“Is this the queue for the poetry book signing?”
“What do you think?” came the obligatory rhetorical question that the Raynor Winn fan gave as an answer.
I moved my gaze around the bookshop.
Ah, there, in the far corner, a lonesome figure surrounded by hordes of illusionary readers clamouring for a signature, a dedication, a spare copy, and a life each. Poetry was not the draw that it had been in the time of Chaucer, or even Shelley.
I moved towards the lonely outpost, determined to bring at least a moment’s happiness to a poor,lost soul.
“Is this the queue for the poetry book signing?” I asked him.
“What do you think?” he replied, a dazed look haunting his poetical eyes. “The queue was long, but it did shrink. Now, it is no more, a faint remembrance of the queue before.”
“I see it is. I said “My senses and knowledge aligning, I find my place, in this papery place – are you up fir a signing?”
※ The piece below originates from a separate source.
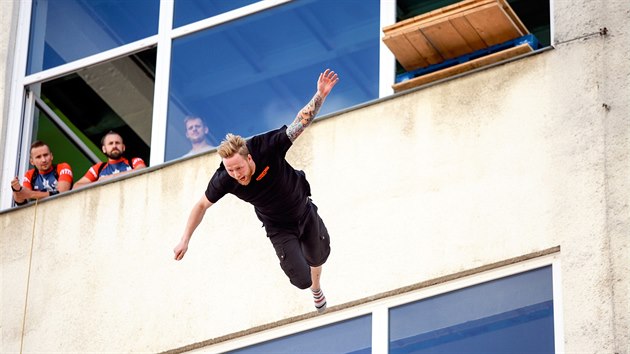 Kromě hoření se brněnská kaskadérská skupina Czech Stunts soustředí také na pády z výšek. Nedávno stanovila rekord pěti kaskadérů, kteří krátce po sobě skočili ze čtvrtého patra.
The poet looked up at me from his position of sanctuary. “Ytho! Ty a wor redya Kernewek?”
“A little.” I replied lamely. “Dydh da.”
“Careful, sunshine, you’ll cause yourself an injury, take it easy, life is breezy, if you care to toe the line.” the poet threw off rhymes like a sparrow in a sandbath.
My estimation of the poet was being revised by the moment, he was now just a lowly wordsmith barely conjuring similes in the face of proper literary conjunctions.
He signed ‘To Greg. in a copy of his book, even though that wasn’t my name.
I left, and immediately visited the charity shop next door.
“Thank you, sir; that will help fill up our ‘reduced to go’ bin.
“You’re welcome. Have you got any Agatha Christies in?”
They had. My day would not be a complete loss.